Plate III, shown here, is "The West Front and Steeple"

 

Many churches and steeples are included in Gibbs' book. Plates 29 and 30 show 6 images of steeples, all drawn for St. Martin's but not chosen. Plate 31 has 5 draughts of steeples for St. Mary le Strand. 

In 1775, the Providence (RI) Gazette, writing about the Baptist Meetinghouse, comments on the use of the "middle Figure in the 30th Plate of Gibbs designs" * for the church steeple.

 

 

This engraving is the draught (the architectural drawing) of the Geometric Plan of that steeple. Gibbs writes that while steeples are Gothick, "...they have their Beauties, when their parts are well dispos'd, and when the plans of the several Degrees and Orders of which they are compos'd gradually diminish and pass from one form to another without confusion, and when every Part has the appearance of a proper Bearing." (viii)

 

 

The Master Builder for the Baptist Meetinghouse was Joseph Brown. How did he know what to do from those instructions? 

He was not only a builder but an astronomer, a scientist and a professor. He knew his Geometry.

How would the parts be 'well dispos'd' or well ordered. That could refers to the pattern of 'base, column and wall, architrave' for each section. 

Or it might be how the parts are all the same height. I have marked on the engraving where each part begins and ends. Each provides physically and visually 'a proper Bearing' for the next level. 

 

How did the parts 'gradually diminish'?

Below each steeple on Plates 29, 30 and 31 is a cartouche, a diagram: the plan for each steeple, showing the outlines of each steeple part. 

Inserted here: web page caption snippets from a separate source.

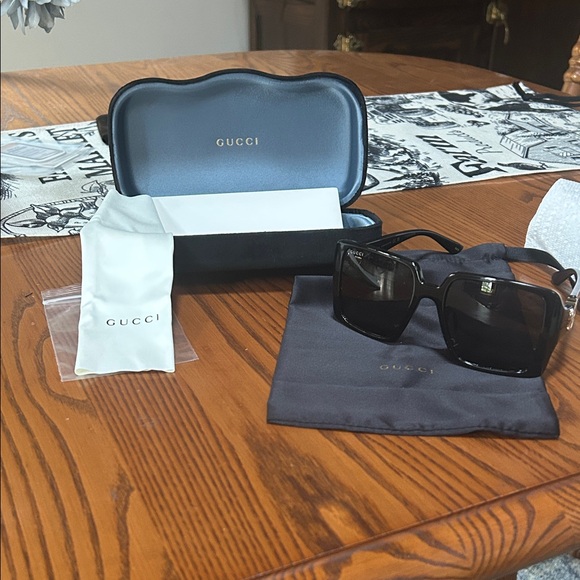 Gucci Accessories - NEW Oversized Gucci Black Sunglasses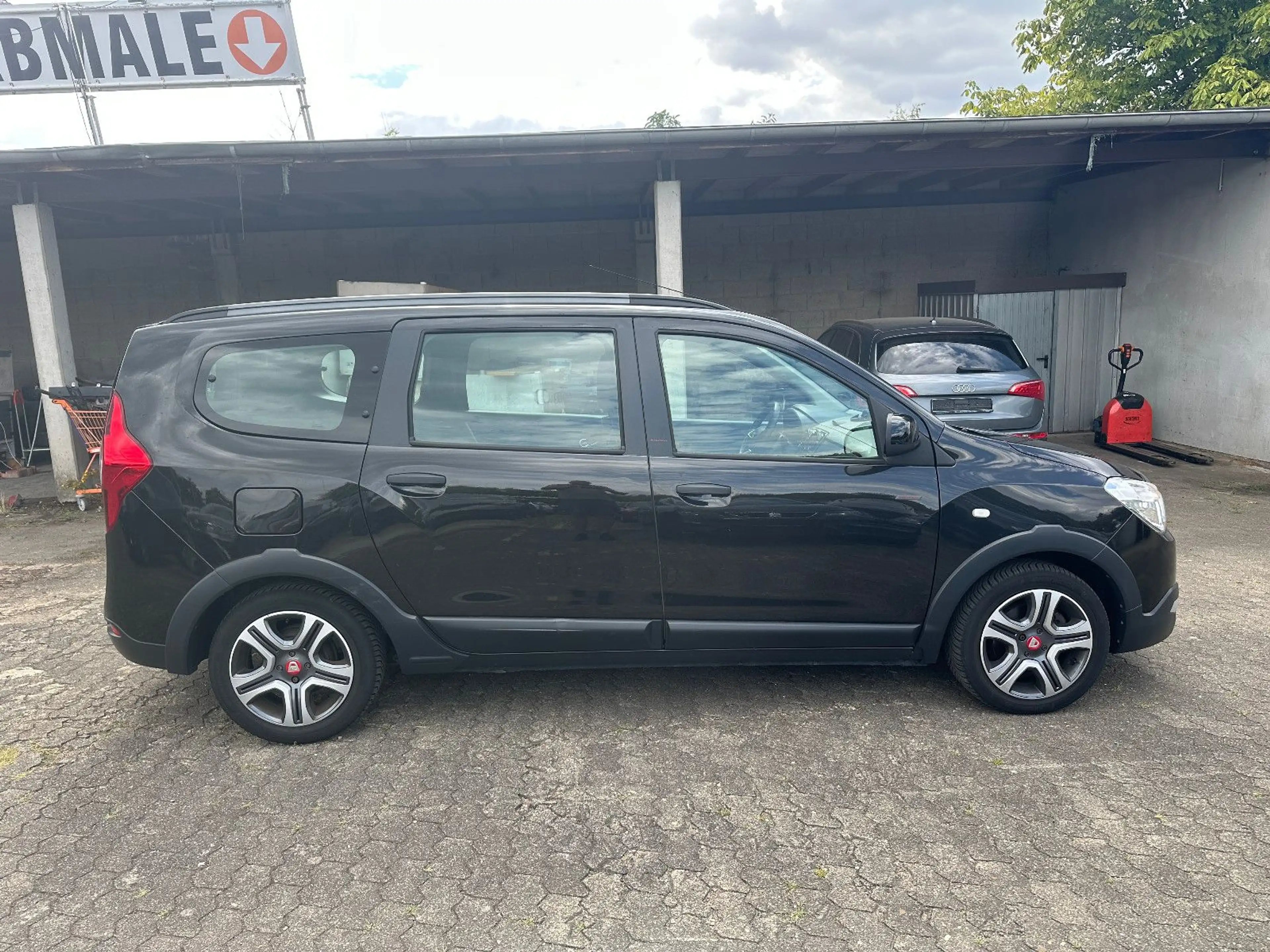 Dacia Lodgy Stepway — photo 5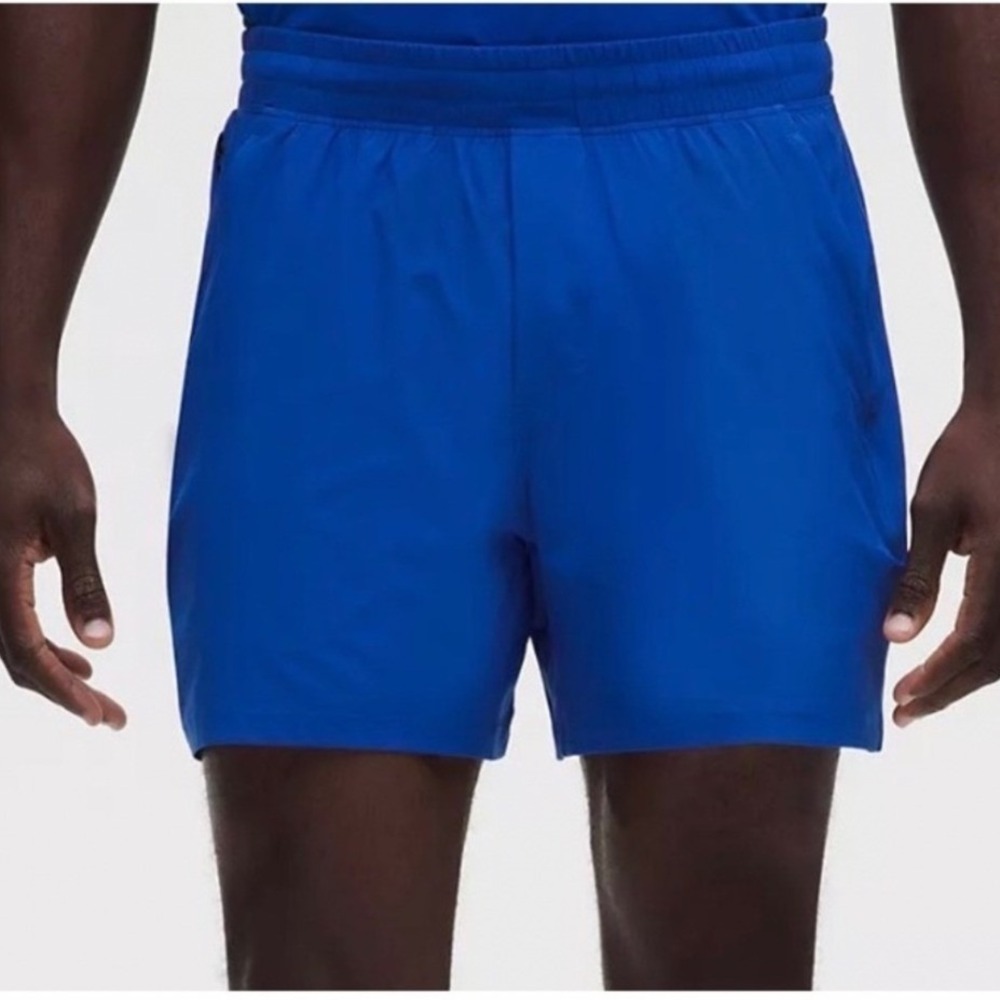 Lululemon Pace Breaker Linerless Short Mens M Blue Excellent 5" LM7BC2S.04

This is the diagram for the middle steeple which was copied for the Baptist Meetinghouse.The image in the book is 1.5" square. It is the size of the image Joseph Brown, Master Builder, would have worked from. 

 

 

I have labeled the outlines of each part of the tower to correspond with my numbers on the steeple drawing above. (5) is the base of the 8 sided spire. The innermost circle is the cap where the weather vane is attached.

 

 

The parts layer one on the other following a diagram, a pattern - which I refer to as the square and its circle.  This geometry was well known. It goes back in construction to at least the 7th c. in  Constantinople. Serlio placed it on his frontispiece.** 

This variation of the square and its circle, uses only the diagonals and adds the division of the square into quarters. As the design has 8 sided Parts (#3 and 4) and an octagonal spire, perhaps this diagram was used. 

 

 

Where the Lines cross the square locates a smaller square, rotated. And those Lines locate the next. They determine the size and location of each Part of the steeple 

The diagram is not meant to be a working drawing. Instead it directs the builder. It does not matter if it is not quite accurate. When the builder lays out the work he will adjust and refine the shapes to fit his frame.  

 

What happens when the first square is rotated - creating an 8 pointed star?

 

 

And the squares that fit inside that square are added?  Drawn here in black over the first diagrams drawn in red.  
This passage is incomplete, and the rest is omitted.